Short web captions:
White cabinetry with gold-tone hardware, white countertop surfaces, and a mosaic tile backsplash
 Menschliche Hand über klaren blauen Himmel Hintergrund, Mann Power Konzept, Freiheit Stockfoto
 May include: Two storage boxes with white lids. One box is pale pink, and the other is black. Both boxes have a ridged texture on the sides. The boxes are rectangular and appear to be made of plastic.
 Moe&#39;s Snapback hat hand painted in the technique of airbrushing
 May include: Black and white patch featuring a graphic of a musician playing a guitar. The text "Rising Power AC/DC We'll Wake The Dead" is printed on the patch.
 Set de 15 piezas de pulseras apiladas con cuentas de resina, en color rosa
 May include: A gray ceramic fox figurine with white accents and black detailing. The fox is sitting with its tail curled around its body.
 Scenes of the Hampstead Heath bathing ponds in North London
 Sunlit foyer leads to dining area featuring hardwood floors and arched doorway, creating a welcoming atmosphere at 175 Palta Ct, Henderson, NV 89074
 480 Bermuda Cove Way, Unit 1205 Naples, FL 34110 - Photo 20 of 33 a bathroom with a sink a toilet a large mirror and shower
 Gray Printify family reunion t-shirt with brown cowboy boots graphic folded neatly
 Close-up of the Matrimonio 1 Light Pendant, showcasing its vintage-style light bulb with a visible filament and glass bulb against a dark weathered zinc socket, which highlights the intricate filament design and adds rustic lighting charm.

### [What you have to do]
Each entry needs to be transcribed exactly.

### [Expected answer]
White cabinetry with gold-tone hardware, white countertop surfaces, and a mosaic tile backsplash
 Menschliche Hand über klaren blauen Himmel Hintergrund, Mann Power Konzept, Freiheit Stockfoto
 May include: Two storage boxes with white lids. One box is pale pink, and the other is black. Both boxes have a ridged texture on the sides. The boxes are rectangular and appear to be made of plastic.
 Moe&#39;s Snapback hat hand painted in the technique of airbrushing
 May include: Black and white patch featuring a graphic of a musician playing a guitar. The text "Rising Power AC/DC We'll Wake The Dead" is printed on the patch.
 Set de 15 piezas de pulseras apiladas con cuentas de resina, en color rosa
 May include: A gray ceramic fox figurine with white accents and black detailing. The fox is sitting with its tail curled around its body.
 Scenes of the Hampstead Heath bathing ponds in North London
 Sunlit foyer leads to dining area featuring hardwood floors and arched doorway, creating a welcoming atmosphere at 175 Palta Ct, Henderson, NV 89074
 480 Bermuda Cove Way, Unit 1205 Naples, FL 34110 - Photo 20 of 33 a bathroom with a sink a toilet a large mirror and shower
 Gray Printify family reunion t-shirt with brown cowboy boots graphic folded neatly
 Close-up of the Matrimonio 1 Light Pendant, showcasing its vintage-style light bulb with a visible filament and glass bulb against a dark weathered zinc socket, which highlights the intricate filament design and adds rustic lighting charm.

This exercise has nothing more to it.